Supervision And Performance Review

The agency’s responsibility to its employees extends through their careers and takes many forms. Providing training and education to update and upgrade skills is essential to performance levels and opportunities for promotion or other career development. Providing feedback and supervision validates proper behaviors and corrects deviations from acceptable norms of effort, attitude, and exercise of discretion. Organizational expectations may be articulated in one of two main ways: as organizational values or as a series of specific rules and regulations.

Rules and Regulations. The traditional form of organizational direction of its employees is The Rulebook. A definitive set of do and don’t regulations are codified in a growing register. The Rulebook is provided to each new employee, and they are expected to read it, understand it, and internalize its requirements on their own.

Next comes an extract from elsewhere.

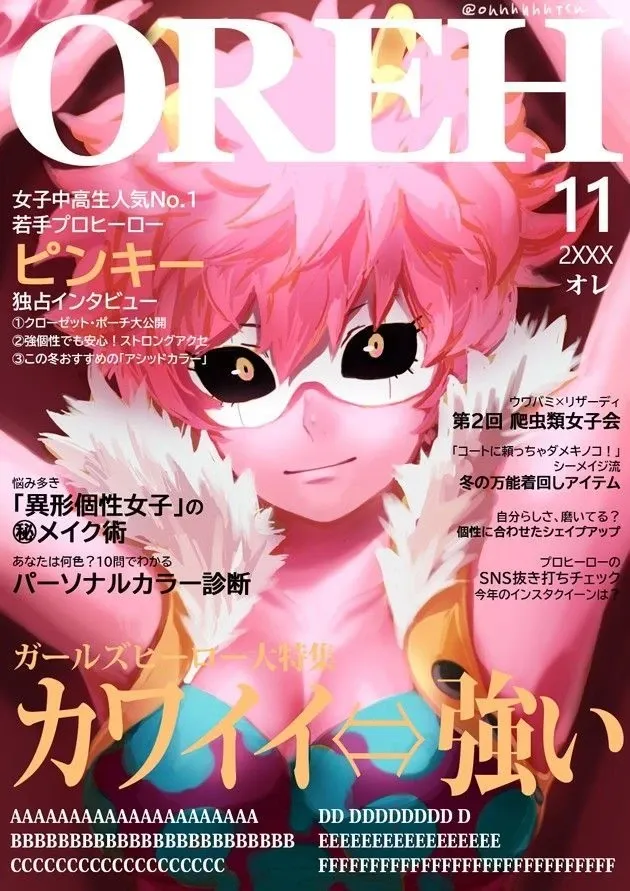 Avatar of Mina Ashido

The basic problem with The Rulebook is the same problem that leads to the need for discretion: it is impossible to anticipate every possible need the organization will have. Rules and regulations are also amenable to strict interpretation. New rules tend to be added to the book when an employee does something that is clearly unethical or unprofessional, but is not covered by a specific existing rule; the void is then filled retroactively, against future misconduct of that one particular type. Few, if any, of these rules have a specific empirical basis: even though no evidence exists that the conduct would have been widespread without the rule, the lack of subsequent violations is considered sufficient justification to maintain the rule.

Because police officers tend to be concrete thinkers, they are fairly good at following the rules, with the mind-set that “As long as I follow the rules, they [the administration] can’t punish me.” In public discourse, this is referred to as “being in compliance” with organizational expectations. Rule-bound behavior is not always effective at fulfilling organizational missions, however, and pushing the limits of specific rules can extend as far as breaking the law (see Crank and Caldero 2010).

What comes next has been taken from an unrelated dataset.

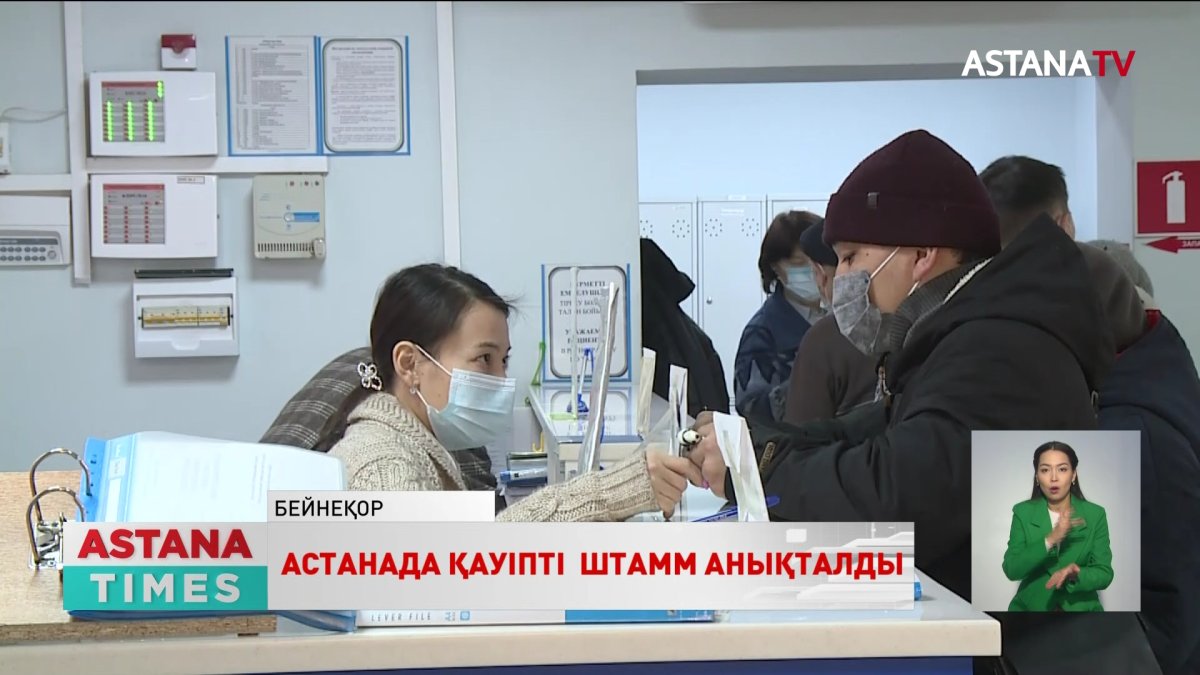 Астанада Цербер штаммы анықталды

While most issues of error or minor misconduct are handled informally, persistent problems are addressed through a system of progressive discipline, which applies to relatively low-level infractions or performance deficiencies: major problems, such as criminal conduct on or off duty, may lead to immediate suspension or dismissal. For the lesser offenses – usually violations of in-house rules – progressive discipline almost always begins with a verbal warning from a superior officer. No record is kept, as the presumption is that the employee will understand and comply with the correction (the supervisor may make a note of the date and nature of the warning in her or his own records, but the matter is not part of the employee’s personnel file). If misbehavior or substandard behavior persists, a written warning may be issued: typically, these warnings are entered into the employee’s file for a limited period of time and may factor into the next annual performance review. Letters of reprimand are the next step, followed by suspension with or without pay, and finally a move to dismiss the officers if the problem behavior remains uncorrected or worsens.

Progressive discipline is a process of documenting both the employee’s errors or infractions and the agency’s response to them. Like the use of force continuum in a different context, it constitutes a measured response with graduated penalties but can quickly be asserted at higher or lower levels depending upon the employee’s response. The documentation that an employee has been offered additional counseling and guidance, and has failed to respond positively, is an essential element to support more drastic measures such as suspension without pay or dismissal.

The tension between being a public servant (an agent of the state) and a police officer’s Fourth Amendment property right in employment is salient in the disciplinary process. As a general rule, agencies may compel their employees to answer questions about misconduct truthfully; if the employee refuses to answer or fails to answer honestly, they can be dismissed. However, the Fifth Amendment guarantees a right against self-incrimination in criminal matters. The 1967 Supreme Court decision of Garrity v. New Jersey established that “information which is compelled by government” as a condition of employment cannot be used in criminal proceedings. The Garrity Rule was expanded in the 1968 Gardner v. Broderick decision, which indirectly affirmed the right to dismiss employees for not answering “relevant questions about official duties” but reaffirming the protection against subsequent use of any incriminating information thus revealed.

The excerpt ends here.